> **Exercise brief**
Find where "The Donation to" appears in the records below, then return that line and every later line exactly, stopping only at the last line.

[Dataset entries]
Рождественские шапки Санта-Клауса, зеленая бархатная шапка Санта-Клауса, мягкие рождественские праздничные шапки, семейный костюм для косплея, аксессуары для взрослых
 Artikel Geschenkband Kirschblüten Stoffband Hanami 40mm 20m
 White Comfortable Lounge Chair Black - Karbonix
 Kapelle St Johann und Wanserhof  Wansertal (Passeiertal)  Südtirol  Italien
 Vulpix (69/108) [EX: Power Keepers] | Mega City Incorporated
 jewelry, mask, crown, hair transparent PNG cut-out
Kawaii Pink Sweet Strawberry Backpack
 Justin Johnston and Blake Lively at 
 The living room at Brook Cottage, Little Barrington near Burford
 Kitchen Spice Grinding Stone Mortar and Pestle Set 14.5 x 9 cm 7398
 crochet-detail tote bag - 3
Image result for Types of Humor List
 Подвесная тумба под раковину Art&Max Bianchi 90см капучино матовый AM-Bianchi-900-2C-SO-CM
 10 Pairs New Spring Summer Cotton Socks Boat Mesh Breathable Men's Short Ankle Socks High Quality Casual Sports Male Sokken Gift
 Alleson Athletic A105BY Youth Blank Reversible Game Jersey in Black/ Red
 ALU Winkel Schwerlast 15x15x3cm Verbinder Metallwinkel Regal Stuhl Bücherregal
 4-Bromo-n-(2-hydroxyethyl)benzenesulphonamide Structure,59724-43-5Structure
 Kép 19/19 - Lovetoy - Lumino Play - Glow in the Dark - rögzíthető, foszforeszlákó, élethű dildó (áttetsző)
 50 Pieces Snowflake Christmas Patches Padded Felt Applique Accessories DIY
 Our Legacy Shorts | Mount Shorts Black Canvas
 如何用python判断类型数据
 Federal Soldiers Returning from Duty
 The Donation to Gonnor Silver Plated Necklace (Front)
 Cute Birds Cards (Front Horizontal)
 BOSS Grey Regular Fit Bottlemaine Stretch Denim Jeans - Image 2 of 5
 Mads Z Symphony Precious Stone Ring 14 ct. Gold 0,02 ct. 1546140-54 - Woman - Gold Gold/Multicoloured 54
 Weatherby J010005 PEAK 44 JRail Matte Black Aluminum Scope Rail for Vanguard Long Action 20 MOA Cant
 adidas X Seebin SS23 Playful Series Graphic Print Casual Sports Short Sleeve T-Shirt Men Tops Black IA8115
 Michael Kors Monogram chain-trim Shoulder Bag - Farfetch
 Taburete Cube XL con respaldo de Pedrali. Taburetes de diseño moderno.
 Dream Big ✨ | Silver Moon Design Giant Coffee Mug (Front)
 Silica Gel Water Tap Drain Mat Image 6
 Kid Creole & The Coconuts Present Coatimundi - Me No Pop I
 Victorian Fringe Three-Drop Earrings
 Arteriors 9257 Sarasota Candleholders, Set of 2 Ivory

> **Written answer**
 The Donation to Gonnor Silver Plated Necklace (Front)
 Cute Birds Cards (Front Horizontal)
 BOSS Grey Regular Fit Bottlemaine Stretch Denim Jeans - Image 2 of 5
 Mads Z Symphony Precious Stone Ring 14 ct. Gold 0,02 ct. 1546140-54 - Woman - Gold Gold/Multicoloured 54
 Weatherby J010005 PEAK 44 JRail Matte Black Aluminum Scope Rail for Vanguard Long Action 20 MOA Cant
 adidas X Seebin SS23 Playful Series Graphic Print Casual Sports Short Sleeve T-Shirt Men Tops Black IA8115
 Michael Kors Monogram chain-trim Shoulder Bag - Farfetch
 Taburete Cube XL con respaldo de Pedrali. Taburetes de diseño moderno.
 Dream Big ✨ | Silver Moon Design Giant Coffee Mug (Front)
 Silica Gel Water Tap Drain Mat Image 6
 Kid Creole & The Coconuts Present Coatimundi - Me No Pop I
 Victorian Fringe Three-Drop Earrings
 Arteriors 9257 Sarasota Candleholders, Set of 2 Ivory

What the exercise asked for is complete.